Peut-on tout dire sur les réseaux sociaux ?

Il est primordial dans un état démocratique que tout citoyen puisse manifester ses opinions en toute matière. Nous avons le droit d’avoir un avis, de critiquer, de débattre voire de contester les décisions du pouvoir en place ou de tout autre organe. Il nous est même permis, dans certaines circonstances, d’être outranciers, de tenir des propos qui “heurtent, choquent ou inquiètent”, comme l’ont souvent rappelé nos juridictions nationales et supranationales. Cela participe à la respiration de la démocratie.

Partant de ce principe, on pourrait être tenté de penser qu’il est permis de tout dire sur les réseaux sociaux… Ce serait toutefois faire un raccourci hasardeux.

En effet, si ce droit de s’exprimer est considéré comme fondamental, il n’est pas absolu.

Liberté fondamentale, mais

L’article 10.2 de la Convention européenne des droits de l’Homme liste toute une série de circonstances dans lesquelles les États peuvent fixer des conditions, des restrictions ou des sanctions qui limitent la liberté d’expression. Il s’agit des cas où cette liberté entrera en conflit avec des notions telles que la sécurité nationale, la sécurité publique, l’impartialité du système judiciaire ou encore la protection de la réputation et des droits d’autrui.

Ces restrictions découlent de ce, qu’au même rang que la liberté d’expression, sont consacrées d’autres libertés fondamentales dont notamment le droit à la sûreté, le droit à un procès équitable ou le droit à la vie privée. Aucune de ces libertés ne prime sur les autres, elles ont toutes une valeur équivalente et doivent être respectées.

Ce principe posé, on voit bien que la réponse à la question “Peut-on tout dire sur les réseaux sociaux ? “ne pourra qu’être nuancée.

Liberté d’expression versus atteinte à la réputation

Prenons un exemple. Monsieur A poste une publication sur Facebook qui met en cause Monsieur B. Monsieur B estime que cette publication porte atteinte à sa réputation, et donc à son droit à la vie privée. Monsieur A refuse de retirer sa publication ou de poster un démenti au motif qu’il ne ferait qu’exercer son droit à la liberté d’expression.

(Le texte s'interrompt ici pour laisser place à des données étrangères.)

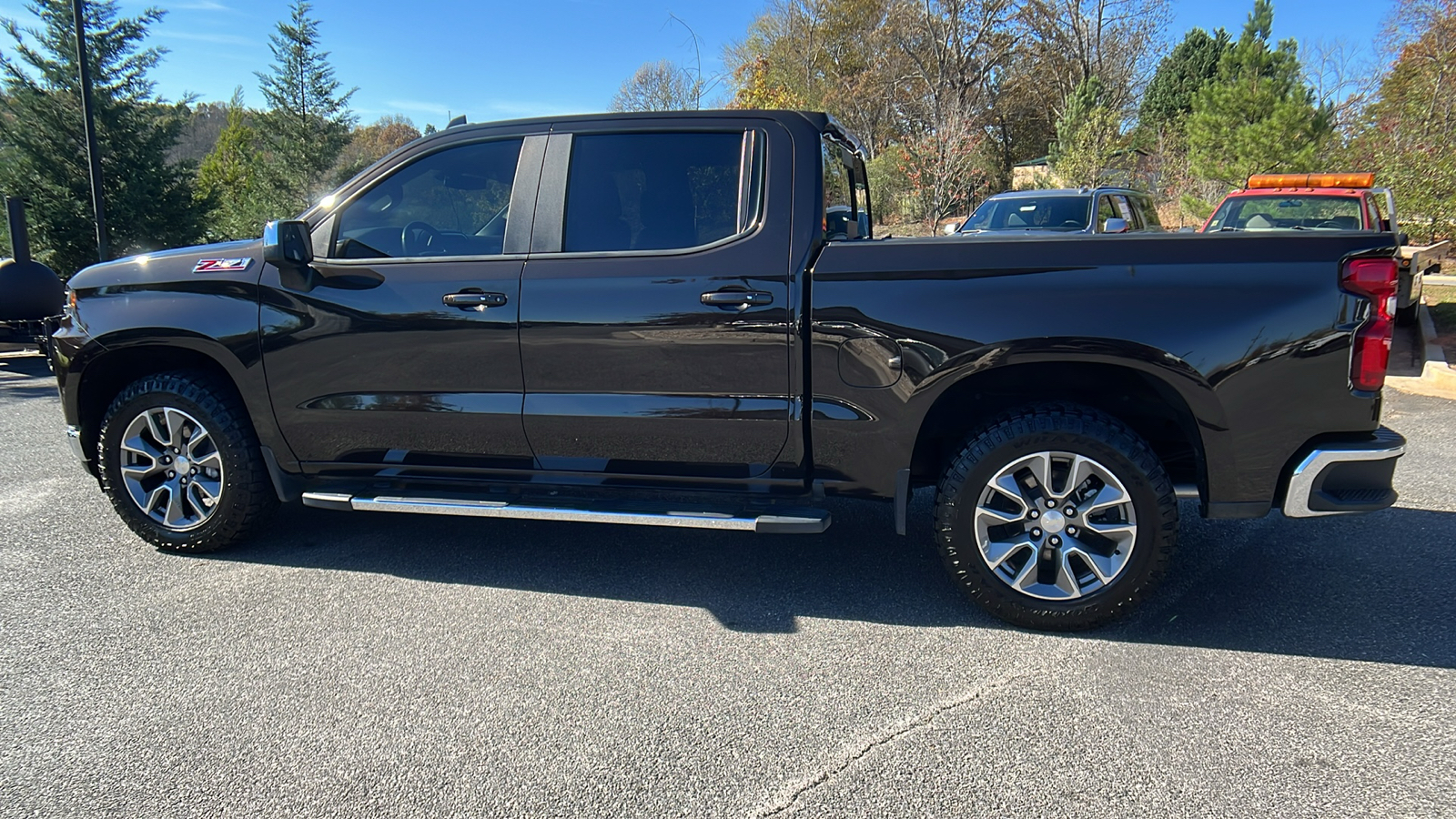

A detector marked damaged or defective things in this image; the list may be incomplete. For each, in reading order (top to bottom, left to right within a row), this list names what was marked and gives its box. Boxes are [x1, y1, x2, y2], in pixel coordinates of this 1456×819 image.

crack in asphalt [751, 641, 1071, 810] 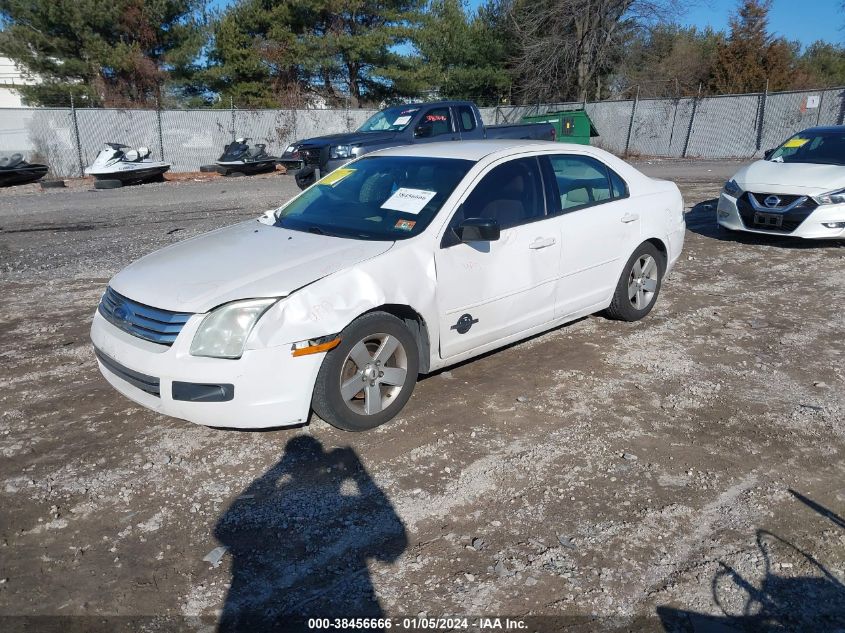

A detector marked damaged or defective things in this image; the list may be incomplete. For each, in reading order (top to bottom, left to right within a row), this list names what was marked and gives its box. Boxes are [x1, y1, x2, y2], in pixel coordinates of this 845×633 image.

Monsieur B porte l’affaire en justice.

Si le juge estime que la publication est bien susceptible de porter atteinte à la réputation de Monsieur B, il devra faire la balance entre les deux libertés en présence pour déterminer si la publication est fautive ou non. Il sera guidé dans sa décision par les balises dégagées par les jurisprudences nationale et supranationale qui l’amèneront à se poser diverses questions.

La première est de savoir si la publication entre dans un débat “d’intérêt général”, critère fondamental aux yeux de la Cour européenne des droits de l’Homme. La liberté d’expression est bien davantage protégée lorsque le sujet abordé est d’un certain intérêt sociétal que si la publication ne porte que sur des conflits interpersonnels sans lien aucun avec le “bien commun”.

Il examinera aussi le contexte dans lequel elle intervient. Cette publication s’inscrit-elle dans un débat déjà en cours ? Répond-elle aux propos tenus par la personne mise en cause ou s’agit-il au contraire d’une attaque purement gratuite ? Si c’est le ton employé qui est reproché, pour son caractère injurieux ou excessif par exemple, est-il en résonance avec celui utilisé par celui auquel il s’adresse ?

Le caractère public ou non de la personne visée entrera également en ligne de compte. Il est plus facilement accepté, sous certaines réserves, que l’on commente ou critique une personnalité publique qu’un simple quidam qui n’a jamais cherché à prendre part aux débats d’opinion publique.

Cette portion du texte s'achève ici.